The World Bank defines poverty as inability to attain minimum standard of living.  The first way to measure poverty is by defining poverty line or poverty threshold which measures minimum living standards based on per capita income that is sufficient to provide a minimum acceptable level of consumption. The way to set consumption based poverty line is by PPP method and the food energy method. The PPP method reflects the cost to individuals to buy goods or services in the domestic market as a dollar in US. The PPP does not deal with intercountry differences in nutrition; because the composition of consumption is very likely differ in different countries. To handle this problem, the food energy method is used which defines minimum calorie intake using nutritional values of consumption goods. However, it’s still problematic as people in different countries may choose different combination of foods which require different incomes to meet nutritional requirements.

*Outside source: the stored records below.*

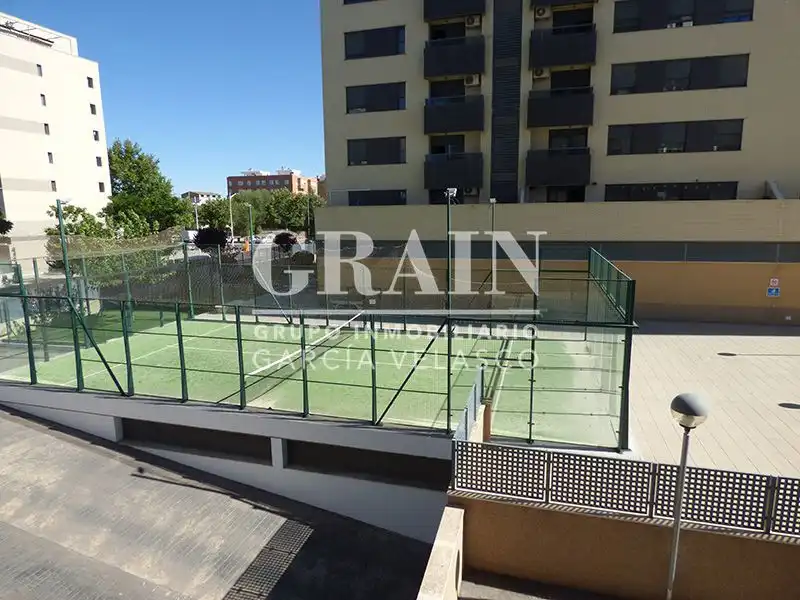 Jardín de Piso en venta en Albacete con Calefacción, Terraza y Trastero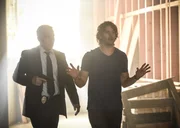 Hat sein ehemaliger LAPD-Chef Bates (Patrick St. Esprit, r.) wirklich einen Mord begangen? Deeks (Eric Christian Olsen, l.) glaubt an seine Unschuld und stößt dabei auf einen gefährlichen Deal ...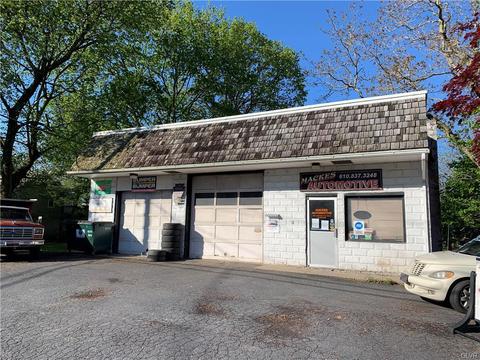 2741 Mountain View Dr, Bath, PA 18014 photo 1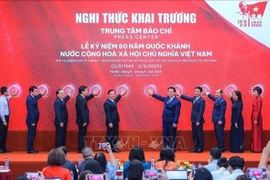 Участники церемонии открытия пресс-центра в Ханое 26 августа. (Фото: ВИA)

In practice, the World Bank assigned poverty line $1.251 which means the minimum level of income deemed necessary to achieve standard of living. This value comes from income or consumption data survey, estimation of PPP level, and World Bank comparison program. From the value of poverty line, the number of people under the poverty line can be measured using head count index.  The head count index ignores the extent to which the poor fall below the poverty line.  The third way to measure poverty is poverty gap index which measures the depth or intensity of poverty, how far the poor are below the poverty line.

The most used inequality measure is Gini index as a ratio of two areas in Lorenz curve2 diagrams values between 0 and 1.  A low Gini coefficient indicates more equal income or wealth distribution, while high Gini coefficient indicates more unequal distribution. 0 corresponds to perfect equality and 1 corresponds to perfect inequality. The problem with Gini index are: the measure will give different result when applied to individuals instead of households; it measures in certain time, ignores life-span changes in income; in some societies people may have significant income in other forms than money as in subsistence farming, the value of these incomes is difficult to quantify, thus will yield different Gini index.

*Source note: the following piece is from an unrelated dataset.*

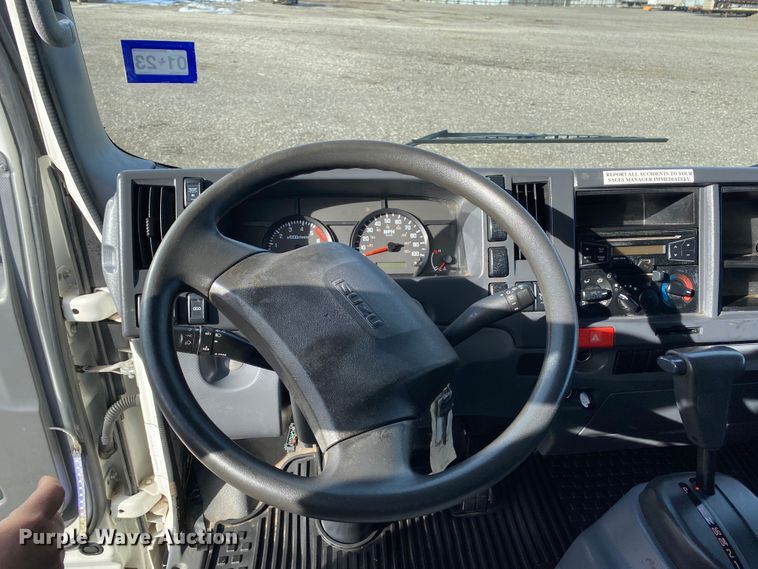 image for item JW9239 2017 Isuzu NPR HD  refrigerated delivery truck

Another inequality measurement is Theil index which is a weighted average of inequality within subgroups, plus inequality among those subgroups, means that Theil index has decomposability that Gini index doesn’t have. The Theil index is always positive, individual contributions to the Theil index may be negative or positive. But Gini index is more popular than Theil for it’s depicted on Lorenz curve which is more intuitive to understand.

1 The latest update, announced in March 2008 is $1.25 per day based on the latest available international PPP comparison for the year 2005. For further information in World Bank Report 1990, 2008.

2 The Lorenz curve is a graphical representation of the cumulative distribution function of a probability distribution; It is often used to represent income distribution, where it shows for the bottom x% of households, what percentage y% of the total income they have. It was developed by Max O. Lorenz in 1905 for representing income distribution.